Implicit Bias in Our Courts: From Juries to Judicial Performance Evaluation

July 25, 2013

Richard Gabriel, president of the American Society of Trial Consultants Foundation and president of Decision Analysis, a national trial consulting company, recently penned an article for CNN following the conclusion of the George Zimmerman trial. In the article, Gabriel characterized bias in the justice system as a product of everyone's natural “tendency to judge members of your own group more favorably and others more harshly.” This implicit bias has the ability to permeate our thought processes, outside our awareness, even when we consciously strive for the values of fairness and equality. Such biases lend credence to the argument for diverse juries, who make “better decisions because the different perspectives [make] them more thorough and less likely to make factual errors,” and a stronger awareness of how biases affect other aspects of our courts.

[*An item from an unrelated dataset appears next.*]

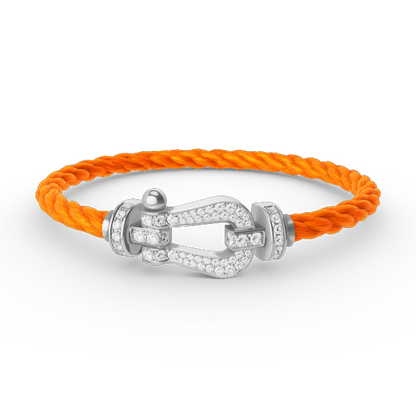 [Glow Jewelry]FORCE LARGE HORSESHOE FULL DIAMOND BRACELET SILVER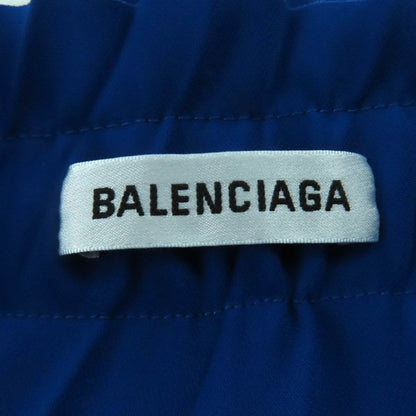 Balenciaga Asymmetric Back Logo Cut-off Pleated Skirt Blue 34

Gabriel referenced several reports that examine potential biases in the justice system, including IAALS' Leveling the Playing Field: Gender, Ethnicity, and Judicial Performance Evaluation, which explores whether there is evidence that implicit biases enter into evaluations of judges' performances. The results of the study confirmed the perceived high quality of state judges, but also identified a few areas in which minority and women judges are rated lower than Caucasian and male judges. The report lays out several steps that can be taken to limit the effects of potential implicit biases on judicial performance evaluations, calling on state program administrators, experts, bar associations, and court systems to take action.